Global spending in blockchain technologies is set to hit $2.1 billion this year, more than double from 2017's $945 million, according to an IDC report.
Last year served as a period of experimentation for blockchain, and 2018 is expected to be the year companies embrace and install "full blockchain deployments," said Stacey Soohoo, research manager at IDC, according to the report.
The financial sector will lead spending on blockchain solutions with a $754 million investment this year, followed by distribution and services sector spending $150 million. However, professional services, discrete manufacturing and resource industries will see the most growth in 2018 as a result of blockchain.
Blockchain is becoming more than just a buzzword used to increase a company's stock. Regardless of how or why a company decides to explore blockchain solutions, the market is showing no signs of slowing down.
Last year, companies were striving to find the ideal blockchain platform, but experts agree that the winning platform is not yet available. The issue is that 90% of blockchain projects have a centralized design. And most POCs don't actually require blockchain technology.

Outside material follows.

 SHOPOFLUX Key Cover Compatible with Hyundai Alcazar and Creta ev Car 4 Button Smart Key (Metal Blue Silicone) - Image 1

To remedy this barrier, businesses need to ensure they have a clear cut strategy and business value proposition in place to justify the investment. But its ability to "fully enable bold platform and ecosystem strategies" while also maintaining security is a pitfall for blockchain.
Still, the disruption blockchain elicits is not deterring companies such as IBM to use the technology for "deployment of other cloud-based and open source technologies," which include AI, IoT and analytics.
As spending is expecting to increase, so will the job search for blockchain professionals. A 200% increase in blockchain job postings is causing companies to seek applicants for a market that is still developing, an obvious challenge for CIOs trying to justify further IT spend.